Spot on! Ofcom were saved from the bonfire of the quangos but I don’t know why. For too long they have protected the incumbent and not given government the true facts on how absolutely dire connectivity is for many people. I know a lot of the trouble can be put down to home wiring, but even after spending hundreds of pounds in the house next door the people still can’t get broadband despite 3 engineer visits too. They are still listed in all the stats and checkers as being able to get it, and this is the information government believes. A good regulator would have sorted all this. Also a good regulator would have got the 4g out and working, but when it does many will give up their rubbish landlines if it does work… so who are ofcom protecting? I don’t know much about the bankers, so I won’t comment on that, but I do know thousands of people in my little patch alone and many in every county are now rising up to demand a service, and this wouldn’t be happening if ofcoms published figures of ‘99.6%’ were really able to get broadband.
now would it?
Chris – thanks for your comment – a vindication I suppose of my decision (maybe 5 years too late) to open up Groupe Intellex writings for feedback, although I must say that I have sometimes celebrated the freedom from not engaging in the sort of nerdish nonsense that one often sees in the blogosphere.
Your comments prompted three thoughts.
Firstly I may have inadvertently misrepresented the link between Government and the regulator Ofcom. The latter technically reports to parliament (not the executive) and this ‘Prime Directive’ was, I think, enshrined in the Comms Act (2003?). Lots of countries manage these regulatory relationships in different ways – the more ‘centrally-directed’ examples in Asia spring to mind. The UK chose a more independent ‘hands off’ approach to constrain temptations to intervene and this has left us with a culture of market supremacy. You might say that to have a large number of small stakeholders (parliamentarians) is about as effective as small shareholders trying to vote on corporate renumeration but the reality is that without a well-informed ‘body politic’ the Executive may well be as frustrated as the citizens and business consumers whose interest are supposed to be paramount.

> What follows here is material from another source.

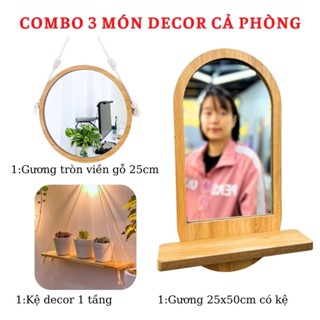 Combo mua 1 được 3 Gương trang điểm có kệ để đồ , Gương hoàng kim hk-001 kích thước 25x50cm kèm phụ kiện treo tường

Secondly, my underlying (but perhaps not made explicit) point is that people are gradually realising that all this digital stuff adds up to a very basic part of the UK’s infrastructure. The quality of the access networks impact on the performance of all sectors of the economy and in the way we and our communities develop. Things get filed, categorised, departmentalised and in the process of creating any expert silo the bigger picture is often lost. That’s why I resort to talking about dealing with the Digital Deficit as a prerequisite for dealing the Economic, Environmental, educational, Energy . . . and pretty much all other deficits. This is something recognised in NextGen’s Connected Causes programme – and we do need to move on from a narrow focus of intense criticism on folks who are doing exactly what anyone would expect.
Finally, I do believe that we gain a lot from adding a touch of gentle humour to these debates. So I thank you for your reply yesterday – May the Fourth be with you!
May the fourth be with you too, and don’t forget your towel. I totally agree with your statement “Things get filed, categorised, departmentalised and in the process of creating any expert silo the bigger picture is often lost.” So how do we make them see the truth? or actually read the paperwork? I notice the same thing happening in the hospitals, they do all the obs, they tick the boxes, but nobody actually interprets the results. There are too many tickers these days.